取材のテーマは、当時の被災地で「アンパンマンのマーチ」が人々を勇気づけていることを受けて、その感想とやなせ先生が「アンパンマン」を通じて訴える「正義」についてだった。詳しいインタビューはまだこのサイトに残っているので、是非読んで欲しい。
2011.05.02 16:00「アンパンマンから日本人へ「なんのために生まれて生きるのか」
2011.05.03 16:00「やなせたかし氏 日本人の正義とは困った人にパン差し出すこと」
いま大ざっぱに要約すれば、やなせ先生の「正義」とは「弱い者に救いの手をさしのべること」だ。第二次世界大戦中、やなせ先生は砲兵として中国に駐留していた。しかし戦後、全ての価値観がひっくり返されて、正義も相対化されていく。そのなかでやなせ先生がたどりついた「絶対的な正義」とは、飢えに苦しんだ兵隊時代の記憶だった。そこから「自分を食べさせて人を救う」ヒーローが生まれた。
「ひもじい思いをしている人に、パンの一切れを差し出す行為を『正義』と呼ぶのです。なにも相手の国にミサイルを撃ち込んだり、国家を転覆させようと大きなことを企てる必要はありません。アメリカにはアメリカの“正義”があり、フセインにはフセインの“正義”がある。アラブにも、イスラエルにもお互いの“正義”がある。つまりこれらの“正義”は立場によって変わる。でも困っている人、飢えている人に食べ物を差し出す行為は、立場が変わっても国が違っても『正しいこと』には変わりません。絶対的な正義なのです」
3月11日が巡ってくるたびに、私はやなせ先生のこの言葉を思い出していた。震災から2年たった今年の3月11日の時点で、仮設住宅などで避難生活を送る人はまだ31万人もいた。避難先で将来に絶望し、自ら命を絶つ人もいるという。果たしてやなせ先生のいう「正義」がこの国で行われているのか、明らかだろう。

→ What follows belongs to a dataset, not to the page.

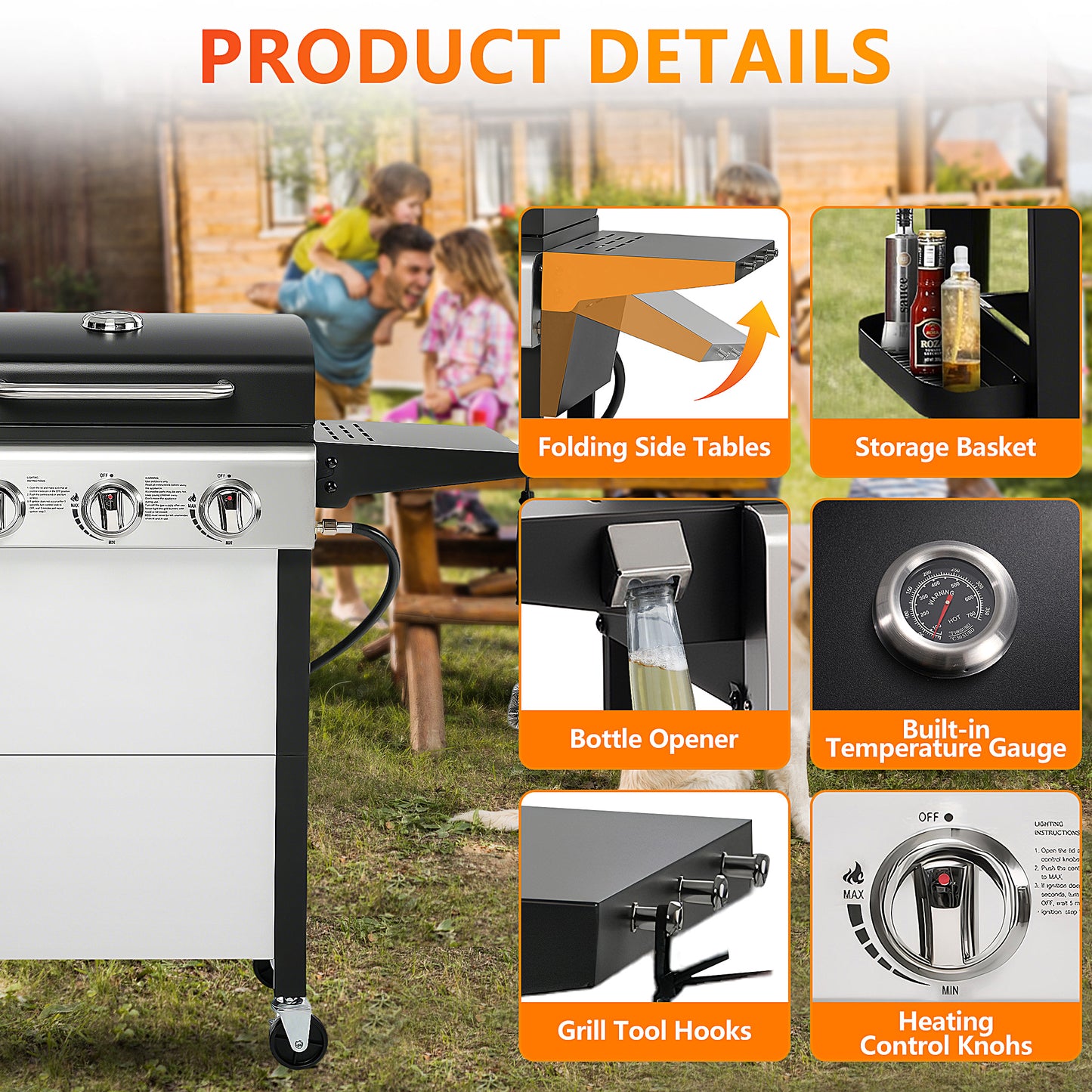 Segmart 3 Burner BBQ Propane Gas Grill, Stainless Steel 25,650 BTU Patio Garden Barbecue Grill with Folding Side Tables, Hanging Basket & Thermometer, Perfect for Camping, Outdoor Cooking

インタビューの最後に、「この国は復興しますか」という私の質問とも嘆きともつかない言葉に、やなせ先生は大きな笑みをもって応えてくれた。
「出来るのに決まってるじゃないか!」
しかし復興どころか、困っている人々が助けられる姿を見ないまま、やなせ先生は逝ってしまわれた。それは偉大な才能の喪失だけでなく、この国から「正義感」が失われたことも意味する。私はいま、呆然としている。